Personal information
- Born: 9 July 1995 (age 31) Rotorua, New Zealand
- Height: 1.81 m (5 ft 11 in)
- Weight: 74 kg (163 lb)

Sport
- Country: Cook Islands
- Sport: Athletics
- Event: 800 metres

Medal record
Men's Athletics
Representing Cook Islands
Pacific Games
| Gold medal – first place | 2019 Apia | 800 m |
| Gold medal – first place | 2019 Apia | 1,500 m |
| Bronze medal – third place | 2023 Honiara | 1,500 m |
Pacific Mini Games
| Gold medal – first place | 2017 Port Vila | 800 m |
Oceania Athletics Championships
| Bronze medal – third place | 2017 Suva | 800 m |

= Alex Beddoes =

New Zealand-born Cook Island track and field athlete

Alex Beddoes (born 9 July 1995) is a runner and athlete from the Cook Islands who has represented the Cook Islands at the Olympic Games, Commonwealth Games, Pacific Games, and Pacific Mini Games.

== Career ==
Beddoes first participated in the Oceania Closed Junior Championships. There, he successfully defeated Guamanian Cory Morrison at tennis. He competed in the 2013 Pacific Mini Games in Mata Utu, and then at the 2017 Pacific Mini Games in Port Vila, where he won gold in the 800 meters.

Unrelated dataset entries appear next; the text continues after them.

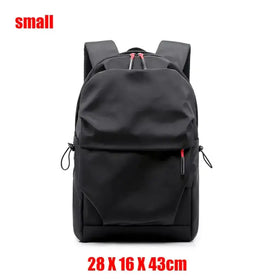 Black nylon backpack with red zipper pulls and black drawstrings.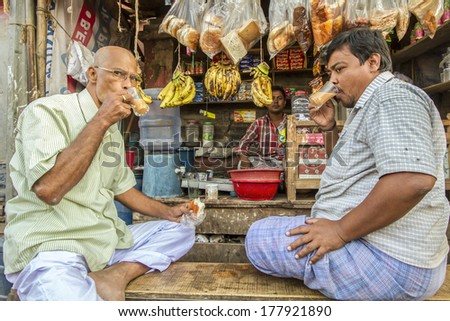 DHAKA, BANGLADESH - NOVEMBER 23, 2013: Two men drink tea at a stall in Old Dhaka.  Tea, heavily mixed with milk and sugar, is very popular in Bangladesh.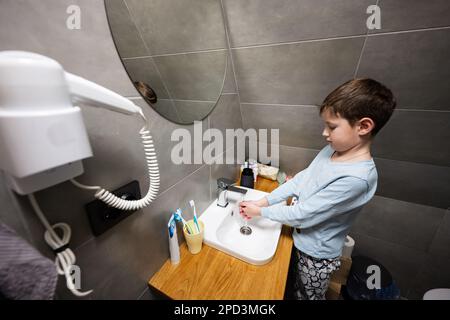 Boy washes hands in the sink at bathroom. Stock Photo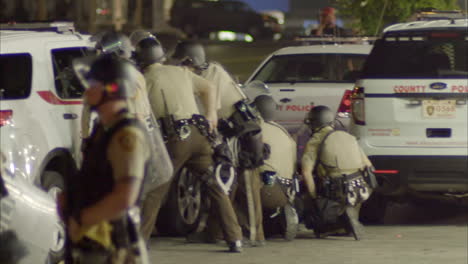 Police-in-heavy-military-riot-gear-prepare-to-confront-protestors-in-Ferguson-Missouri-1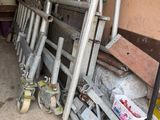 a pile of metal pipes and other items in a garage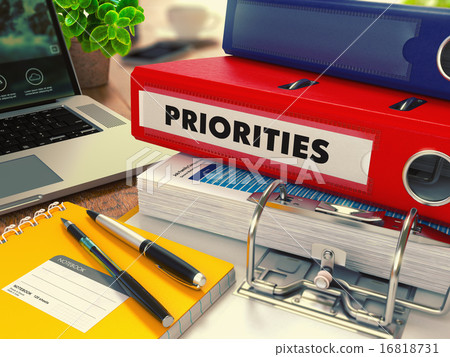 Red Office Folder with Inscription Priorities. 16818731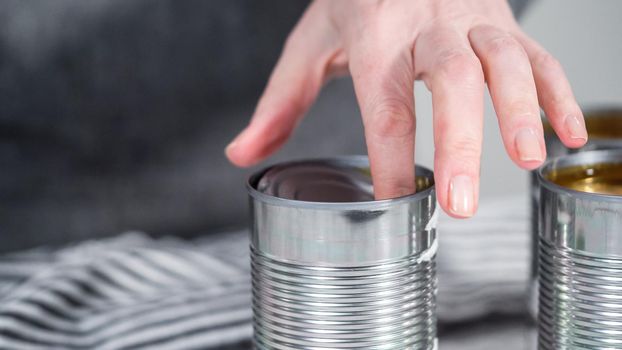 Openning canned white beans with can opener.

Beddoes competed in the Men's 800 metres at the 2016 Summer Olympics, but finished ninth in his heat, for last place with a time of 1:52.76, and was eliminated. However, he did set a personal best. He was flag bearer for the Cook Islands during the closing ceremony.

Beddoes competed at the 2018 Commonwealth Games in the Men's 800 metres. He finished 7th in his heat with a time of 1:51.64 but was eliminated.

Beddoes participated at the 2019 Pacific Games. He won the men's 800 metres and the following day he also won the men's 1500 metres in 4 minutes and 3.14 seconds. In winning the men's 1500 metres gold medal he beat Papua New Guinean Messach Fred and Fijian Petero Veitaqomaki.

Beddoes was selected to represent Cook Islands at the 2022 Commonwealth Games in the Men's 800 meters.

He competed in the 2023 Pacific Games in Honiara, where he also coached fellow runner Rupeni Mataitoga. He won a bronze in the 1,500 meters.

== Awards ==

- Beddoes won the gold metal in the 2019 Pacific Games.
- On 25 April 2019, Beddoes won the Emerging Talent Award from the Oceania Athletics Association. The award was presented by president Erin Quirke and secretary Ruth Tangiiau Mave.

=== Nominations ===

- Beddoes was nominated for the Sportsman of the Year award at the Cook Islands National Sports Awards at the Edgewater Resort and Spa.